March 2017 by Webroot

There’s a new piece of ransomware called Kirk that’s been discovered by an Avast malware researcher and is thought to be the first ransomware to utilize Monero as the ransom payment of choice. Monero is an alternative cyptocurrency to BitCoin and believe to offer greater anonymity. The decryptor "Spock" will be supplied to the victim once the payment is made, but at this time the ransomware does not look like it can be decrypted.

Eric Klonowski, Reverse Engineer at Webroot at taken the malware apart and below are some insights from him.
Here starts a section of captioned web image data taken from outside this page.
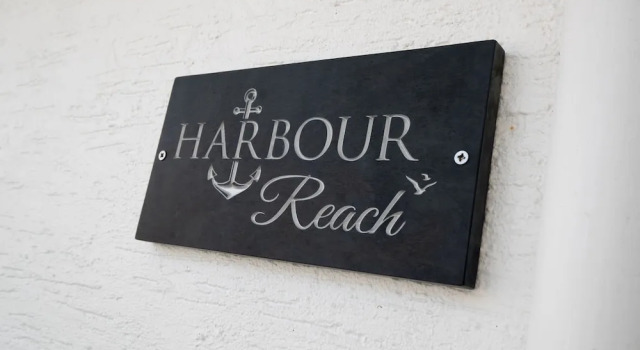 Апартаменты Harbour Reach - Close to Beach Parking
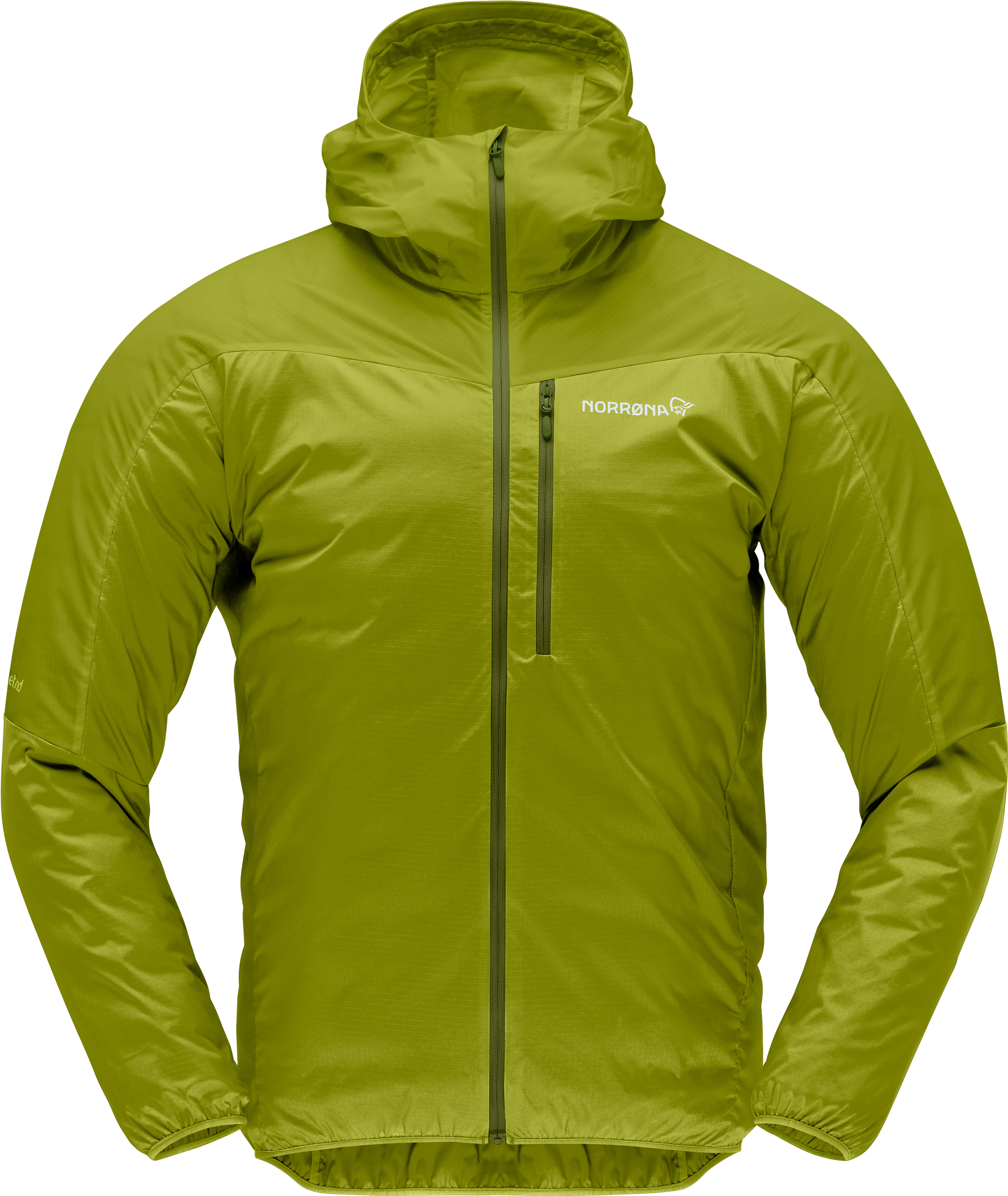 falketind aero60 Zip Hood M's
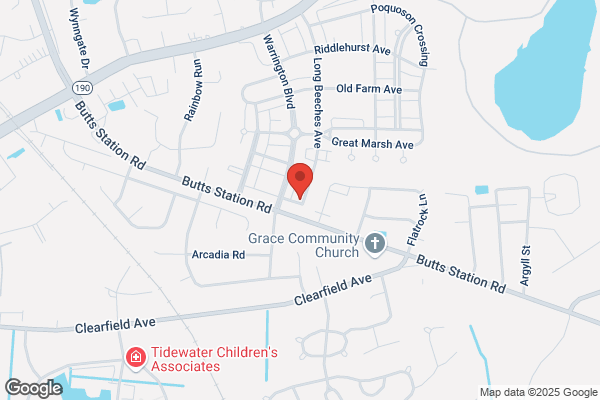 Coastal Counseling Center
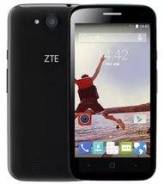 ZTE Blade Q Lux 3g. Б/у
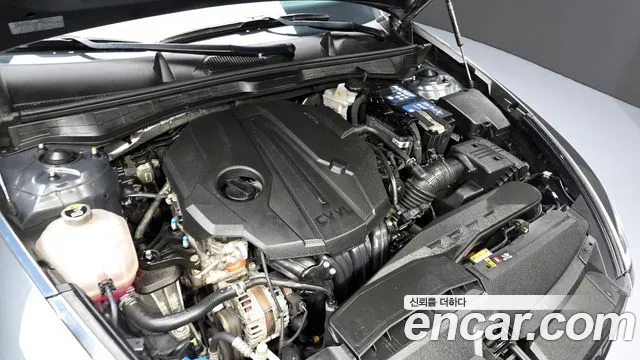 2022 Hyundai Sonata 2.0 Premium Plus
The newly surfaced Kirk ransomware disguises itself as the popular Low Orbit Ion Cannon, an internet activist denial of service tool. The malware is written in python and packaged up in a 5.5 Mb python to exe dropper that is distributed with a 4096 bit RSA public key. No crafty detection evasion is employed. It generates a single AES key for use in encrypting all files, which is encrypted with the public key and written to disk. Files are encrypted with AES in CBC mode, are prepended with the file size and IV in plaintext, and are padded out to 16 bytes with spaces. The malware relies on the common PyCrypto libraries for all encryption. The ransom letter demands payment via the Monero blockchain crypto currency, a rising standard amongst small-time ransomware operations. The Kirk malware demonstrates that ransomware crypto can be effectively implemented in a few lines of code with relatively few weaknesses.